### DATA RECORDS
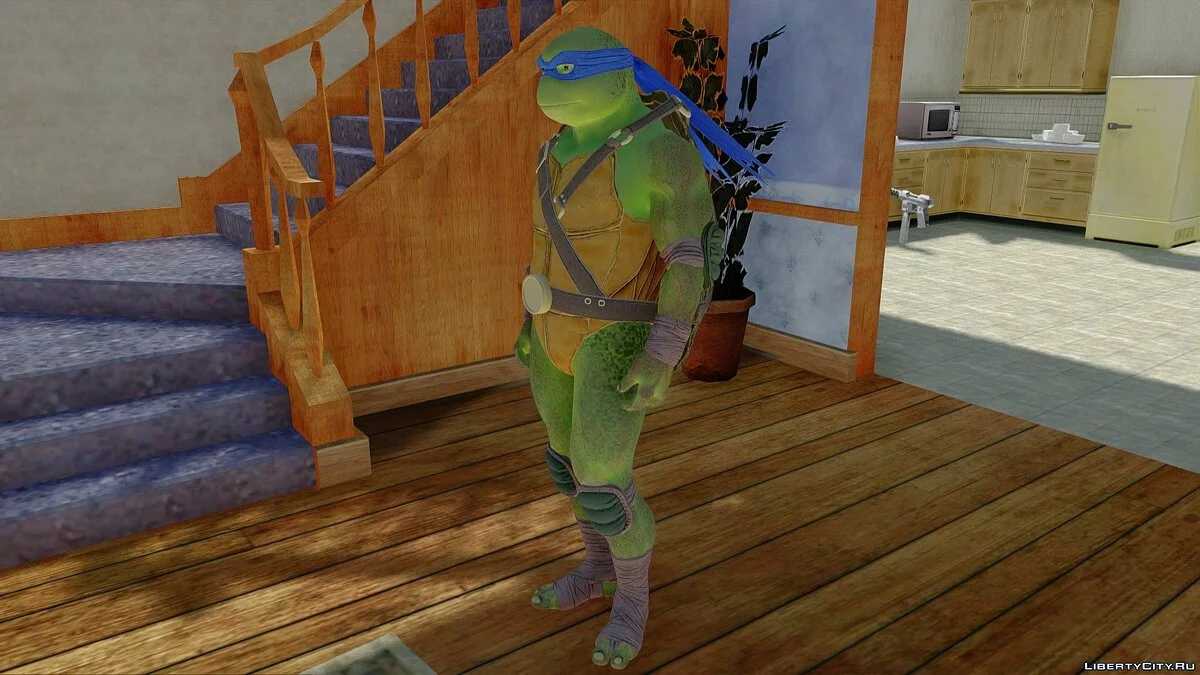 Teenage Mutant Ninja Turtles / GTA San Andreas
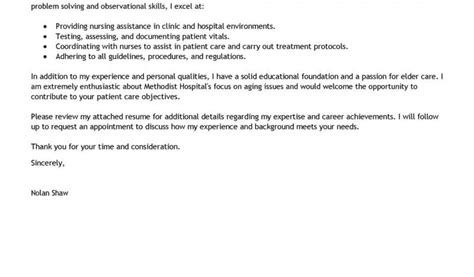 Covering Letter For Care Assistant Best Nursing Aide And Assistant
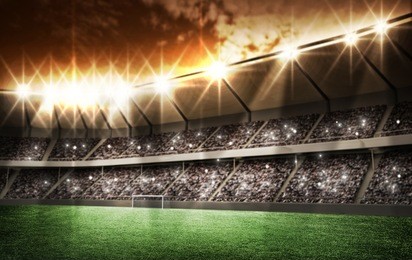 light of stadium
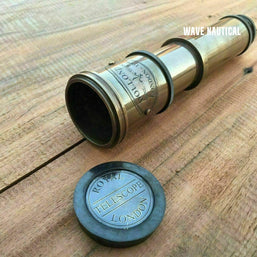 MARITIME TELESCOPE MARINE ANTIQUE BRASS PIRATE SPYGLASS VINTAGE SCOPE HANDMADE - WoodenTwist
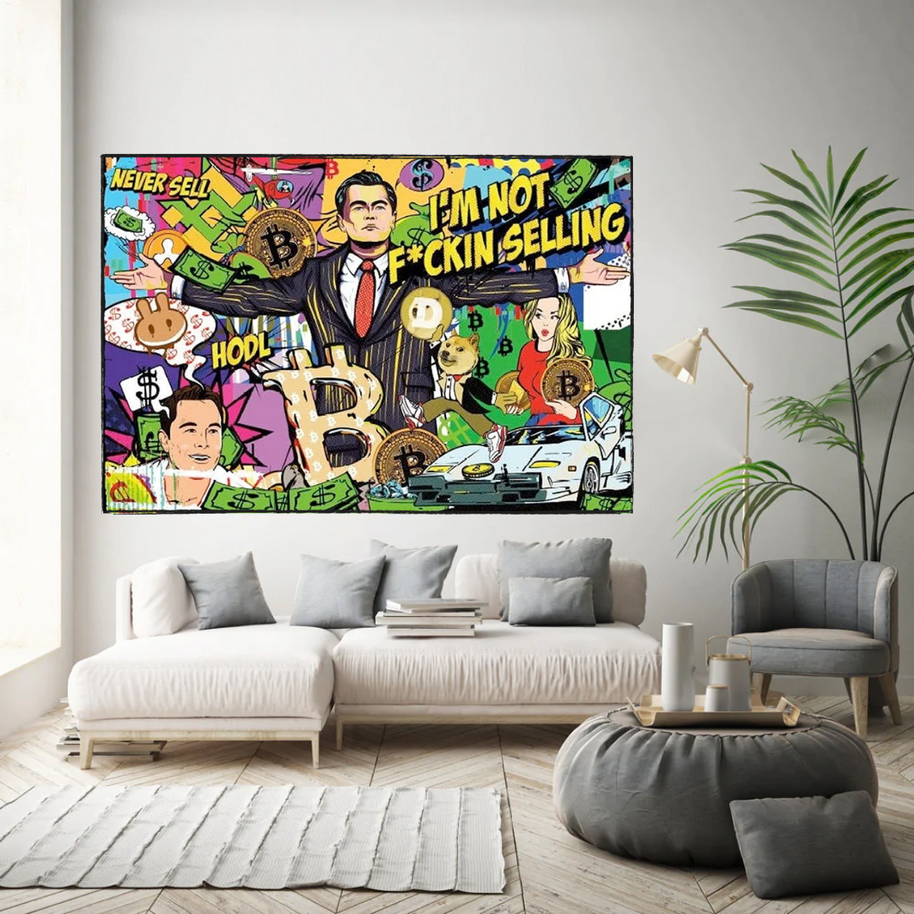 The Wolf of Wall Street Leonardo Dicaprio Canvas Wall Art-MinimalisticDecor.com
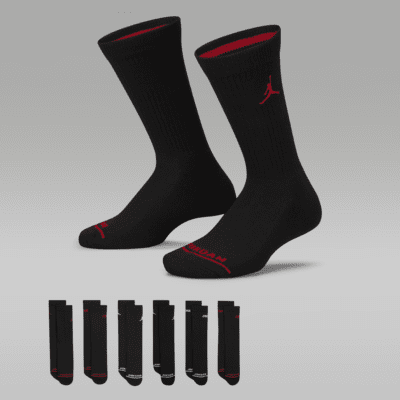 Jordan Legend Big Kids' Crew Socks (6 Pairs)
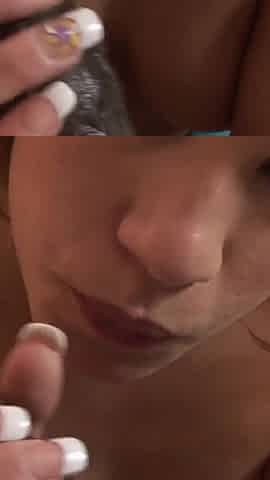 Holly Holmes is a teen who gets interracial black cock fuck for cum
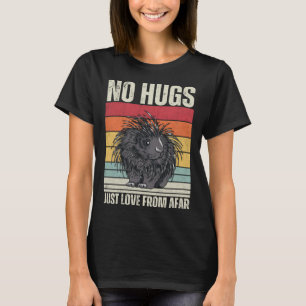 Lustiger Stachelschwein, Keine Umarmungen, Vintage T-Shirt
######
**AIM OF THE TASK**
Retype only the lines above from the one with "The Wolf of" through the last, both ends included, keeping every picture out of the copy.

**EXERCISE OUTPUT**
 The Wolf of Wall Street Leonardo Dicaprio Canvas Wall Art-MinimalisticDecor.com
 Jordan Legend Big Kids' Crew Socks (6 Pairs)
 Holly Holmes is a teen who gets interracial black cock fuck for cum
 Lustiger Stachelschwein, Keine Umarmungen, Vintage T-Shirt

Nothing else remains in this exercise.